Unit 04: Lab: Assessing accuracy

Topics

Introduction

In this lab, we will use a synthetic dataset

# Make plots nice
%matplotlib inline
import seaborn as sns
sns.set_style("white")
import matplotlib as mpl
import matplotlib.pyplot as plt
import numpy as np
import warnings
warnings.filterwarnings("ignore")

# we will use pandas to display the data nicely
import pandas as pd
datasource = pd.read_csv('http://www4.stat.ncsu.edu/~boos/var.select/diabetes.tab.txt', delimiter='\t')

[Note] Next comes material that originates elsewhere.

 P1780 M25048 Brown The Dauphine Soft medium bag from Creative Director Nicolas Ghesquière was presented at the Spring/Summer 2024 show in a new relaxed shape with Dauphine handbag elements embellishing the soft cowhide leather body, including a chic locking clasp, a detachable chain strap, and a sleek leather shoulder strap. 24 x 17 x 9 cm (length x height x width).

X = pd.DataFrame(datasource.iloc[:, :-1].as_matrix(),
                 columns = ['age', 'sex', 'bmi', 'map', 'tc', 
                            'ldl', 'hdl', 'tch', 'ltg', 'glu'])
y = pd.DataFrame(datasource.iloc[:, [-1]].as_matrix(), 
                 columns=['disease_progression'])
Xy = pd.concat((X, y), axis=1)
print ("Number of observations: {}\nNumber of features {}".\
    format(X.shape[0], X.shape[1]))
Number of observations: 442
Number of features 10

Data preparation

First, we will use linear regression with MSE as our generalization measure

from sklearn.linear_model import LinearRegression

Let’s split the training data into three components. Sklearn doesn’t have a function to split into three components at once so we will need to apply it twice

from sklearn.cross_validation import train_test_split
X_train_validation, X_test, y_train_validation, y_test = train_test_split(X, y, test_size = 0.1, random_state = 0)

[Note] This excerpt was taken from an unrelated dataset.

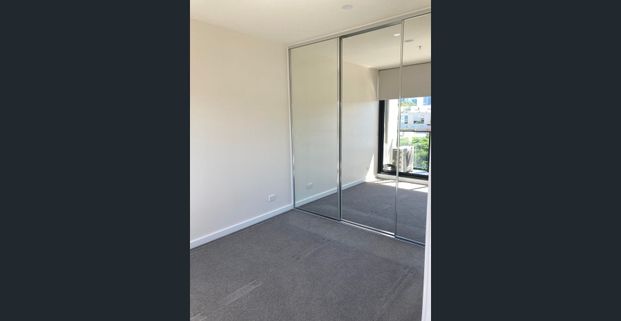 Boutique 2-Bedroom Apartment with Rooftop Terrace in West Melbourne's Wallace Building! - Photo 1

Now let’s split the training and validation into two other datasets

X_train, X_validation, y_train, y_validation = train_test_split(X_train_validation, 
                                                                y_train_validation, 
                                                                test_size = 0.2, 
                                                                random_state = 0)

1) Model fitting

First, let’s compare two models: one with BMI and another one with BMI and age

model1 = LinearRegression().fit(X_train[['bmi']], y_train)
model2 = LinearRegression().fit(X_train[['bmi', 'age']], y_train)
# Let's compute the training MSE
model1_train_err = ((model1.predict(X_train[['bmi']]) - y_train)**2).mean()[0]
model2_train_err = ((model2.predict(X_train[['bmi', 'age']]) - y_train)**2).mean()[0]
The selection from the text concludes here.